Wanheim. .

Michael Meier (Name geändert) ist chronisch krank, er leidet an einer Psychose und bekommt deshalb schon seit einiger Zeit ein Me­dikament namens „Ciatyl-Z“.

Ein Präparat, das ihm hilft. Jetzt aber wurde der Bewohner des Wohnheimes für psychisch kranke Menschen der Regenbogen GmbH böse überrascht. Die Krankenkasse übernimmt die Kosten für das wirksame Neuroleptikum nur noch zum Teil. Die Folge: Meier muss an die 40 Euro im Monat zuzahlen, wenn er das Mittel weiterhin nehmen möch­te. Ein billigeres, wirkstoffgleiches Generikum gibt es zurzeit nicht.

Für den Langzeiterkrankten Meier und sieben seiner Mitbewohner, die „Ciatyl-Z“ eben­falls verschrieben bekommen, ist das kaum machbar. „Die Menschen, die hier im Wohnheim leben, haben im Monat einen Barbetrag von etwa 90 Euro für persönliche Ausgaben zur Verfügung“, er­klärt Michael Bormke, Leiter der Einrichtung. Fast die Hälfte davon ginge künftig also für die Medikamentenzuzahlung drauf.

„Es besteht die Gefahr, dass die Betroffenen ihr Medikament nicht mehr nehmen wollen, weil sie sich dieses nur leisten können, wenn sie an anderer Stelle verzichten“, fürchtet Psychiater Christof Schoppmann, Vorstandsmitglied bei Regenbogen e.V. Ohne das Mittel aber würde sich ihr Ge­sundheitszustand schnell verschlechtern. „Ein stationärer Aufenthalt könnte notwendig werden, und der wäre für das Gesundheitssystem ja sehr viel teurer“, so Bormke.
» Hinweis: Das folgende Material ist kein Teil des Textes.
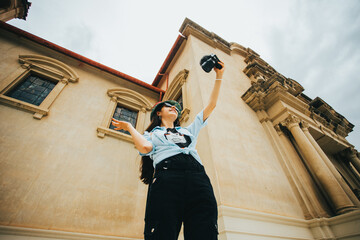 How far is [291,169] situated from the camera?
14.0 feet

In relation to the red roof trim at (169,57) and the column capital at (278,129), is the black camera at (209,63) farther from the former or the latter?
the red roof trim at (169,57)

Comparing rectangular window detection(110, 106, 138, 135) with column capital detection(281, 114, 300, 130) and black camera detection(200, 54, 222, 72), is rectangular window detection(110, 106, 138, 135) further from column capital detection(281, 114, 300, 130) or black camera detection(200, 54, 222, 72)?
column capital detection(281, 114, 300, 130)

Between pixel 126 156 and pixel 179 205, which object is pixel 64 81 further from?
pixel 179 205

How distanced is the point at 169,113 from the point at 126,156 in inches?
156

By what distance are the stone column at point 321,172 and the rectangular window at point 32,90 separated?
8.43 metres

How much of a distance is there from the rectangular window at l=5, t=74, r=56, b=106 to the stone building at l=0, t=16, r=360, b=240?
0.03 meters

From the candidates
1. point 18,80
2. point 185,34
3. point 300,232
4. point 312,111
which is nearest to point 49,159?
point 18,80

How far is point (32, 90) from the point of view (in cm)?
566

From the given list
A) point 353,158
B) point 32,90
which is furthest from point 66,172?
point 353,158

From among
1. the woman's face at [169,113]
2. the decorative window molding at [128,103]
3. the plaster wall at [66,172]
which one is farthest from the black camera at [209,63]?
the decorative window molding at [128,103]

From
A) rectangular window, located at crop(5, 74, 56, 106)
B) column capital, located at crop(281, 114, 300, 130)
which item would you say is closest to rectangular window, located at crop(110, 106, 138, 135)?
rectangular window, located at crop(5, 74, 56, 106)

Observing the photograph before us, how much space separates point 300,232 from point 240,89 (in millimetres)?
4894

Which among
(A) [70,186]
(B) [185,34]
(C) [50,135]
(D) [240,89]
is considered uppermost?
(B) [185,34]

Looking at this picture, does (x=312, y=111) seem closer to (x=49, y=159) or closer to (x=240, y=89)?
(x=240, y=89) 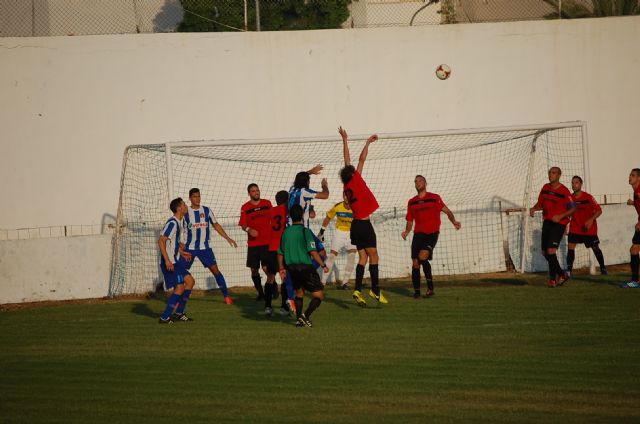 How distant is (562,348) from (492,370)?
1590 mm

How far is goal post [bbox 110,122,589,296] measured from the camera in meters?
21.0

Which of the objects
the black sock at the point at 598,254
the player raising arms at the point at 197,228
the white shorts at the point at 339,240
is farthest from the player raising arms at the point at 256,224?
the black sock at the point at 598,254

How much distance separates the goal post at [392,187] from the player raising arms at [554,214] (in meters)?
2.89

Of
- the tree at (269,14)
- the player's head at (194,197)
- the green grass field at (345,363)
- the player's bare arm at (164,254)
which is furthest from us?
the tree at (269,14)

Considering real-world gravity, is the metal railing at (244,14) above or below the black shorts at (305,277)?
above

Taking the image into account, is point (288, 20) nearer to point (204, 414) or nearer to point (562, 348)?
point (562, 348)

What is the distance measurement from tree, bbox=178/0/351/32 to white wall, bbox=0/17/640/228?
1.99 metres

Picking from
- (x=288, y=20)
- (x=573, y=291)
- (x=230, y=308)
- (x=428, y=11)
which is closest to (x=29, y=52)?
(x=288, y=20)

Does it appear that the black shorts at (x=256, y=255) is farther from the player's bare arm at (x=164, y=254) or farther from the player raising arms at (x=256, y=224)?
the player's bare arm at (x=164, y=254)

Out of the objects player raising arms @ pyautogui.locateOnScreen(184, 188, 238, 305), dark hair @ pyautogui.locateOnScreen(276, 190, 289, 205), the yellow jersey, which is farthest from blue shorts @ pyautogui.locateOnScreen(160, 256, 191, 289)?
the yellow jersey

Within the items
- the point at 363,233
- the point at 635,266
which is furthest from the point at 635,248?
the point at 363,233

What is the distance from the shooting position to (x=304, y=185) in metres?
15.0

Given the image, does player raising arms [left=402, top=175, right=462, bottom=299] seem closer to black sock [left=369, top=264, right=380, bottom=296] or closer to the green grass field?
the green grass field

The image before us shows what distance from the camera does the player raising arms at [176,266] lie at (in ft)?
48.9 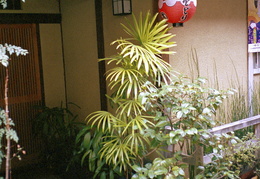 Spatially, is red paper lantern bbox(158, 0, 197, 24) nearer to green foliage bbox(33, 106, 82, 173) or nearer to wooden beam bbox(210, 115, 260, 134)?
wooden beam bbox(210, 115, 260, 134)

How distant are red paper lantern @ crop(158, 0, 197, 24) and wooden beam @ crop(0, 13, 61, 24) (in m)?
2.72

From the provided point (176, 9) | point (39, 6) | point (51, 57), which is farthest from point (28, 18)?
point (176, 9)

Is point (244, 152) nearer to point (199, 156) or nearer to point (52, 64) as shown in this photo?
point (199, 156)

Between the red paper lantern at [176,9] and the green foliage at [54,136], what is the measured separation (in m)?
2.27

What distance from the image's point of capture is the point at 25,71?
18.6 ft

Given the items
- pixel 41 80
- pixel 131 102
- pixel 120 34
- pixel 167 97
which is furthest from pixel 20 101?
pixel 167 97

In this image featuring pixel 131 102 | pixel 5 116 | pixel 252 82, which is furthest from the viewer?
pixel 252 82

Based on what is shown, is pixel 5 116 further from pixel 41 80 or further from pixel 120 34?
pixel 41 80

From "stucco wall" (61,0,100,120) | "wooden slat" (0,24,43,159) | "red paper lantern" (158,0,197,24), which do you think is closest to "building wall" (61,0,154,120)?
"stucco wall" (61,0,100,120)

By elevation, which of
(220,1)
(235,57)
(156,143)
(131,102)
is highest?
(220,1)

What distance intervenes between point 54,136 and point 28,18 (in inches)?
78.1

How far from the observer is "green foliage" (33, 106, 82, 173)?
5.08 meters

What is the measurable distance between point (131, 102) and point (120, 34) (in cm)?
133

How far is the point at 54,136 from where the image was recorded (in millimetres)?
5215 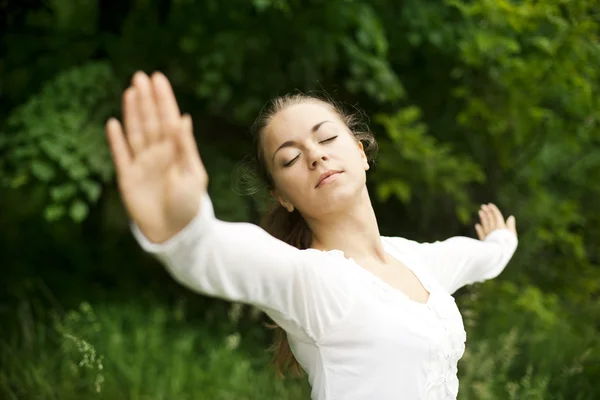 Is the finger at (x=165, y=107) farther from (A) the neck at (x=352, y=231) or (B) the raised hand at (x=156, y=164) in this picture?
(A) the neck at (x=352, y=231)

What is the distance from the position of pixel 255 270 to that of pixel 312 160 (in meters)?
0.39

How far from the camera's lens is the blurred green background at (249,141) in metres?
3.60

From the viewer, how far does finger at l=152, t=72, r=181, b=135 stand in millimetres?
1268

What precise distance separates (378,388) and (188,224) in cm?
60

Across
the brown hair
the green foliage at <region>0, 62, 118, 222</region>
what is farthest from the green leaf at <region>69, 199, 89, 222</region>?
the brown hair

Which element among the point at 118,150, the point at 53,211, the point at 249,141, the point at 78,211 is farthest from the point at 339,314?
the point at 249,141

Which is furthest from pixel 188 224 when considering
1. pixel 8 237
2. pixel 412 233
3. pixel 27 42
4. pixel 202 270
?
pixel 8 237

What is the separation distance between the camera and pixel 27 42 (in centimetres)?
399

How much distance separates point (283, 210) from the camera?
2.04 meters

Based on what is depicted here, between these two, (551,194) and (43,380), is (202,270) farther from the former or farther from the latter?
(551,194)

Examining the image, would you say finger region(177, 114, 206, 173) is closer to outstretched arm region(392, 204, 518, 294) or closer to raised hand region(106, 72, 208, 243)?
raised hand region(106, 72, 208, 243)

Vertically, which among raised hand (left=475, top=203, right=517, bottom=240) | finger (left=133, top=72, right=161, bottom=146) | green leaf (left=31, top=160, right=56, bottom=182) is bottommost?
green leaf (left=31, top=160, right=56, bottom=182)

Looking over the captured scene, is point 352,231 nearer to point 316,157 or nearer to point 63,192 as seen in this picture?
point 316,157

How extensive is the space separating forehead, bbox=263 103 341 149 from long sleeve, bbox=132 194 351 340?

Ein vermutlich längerer Klinikaufenthalt wäre auch fällig, wenn sich der Patient auf ein anderes (zuzahlungsfreies) Medikament umstellen lasse. „Das dauert seine Zeit und verursacht hohe Kosten. Außerdem kann das neue Me­dikament unter Umständen das Zehnfache vom jetzigen kosten“, so Bormke. Also das Gesundheitssystem viel mehr belasten und damit - letztlich - auch den Beitragszahler treffen.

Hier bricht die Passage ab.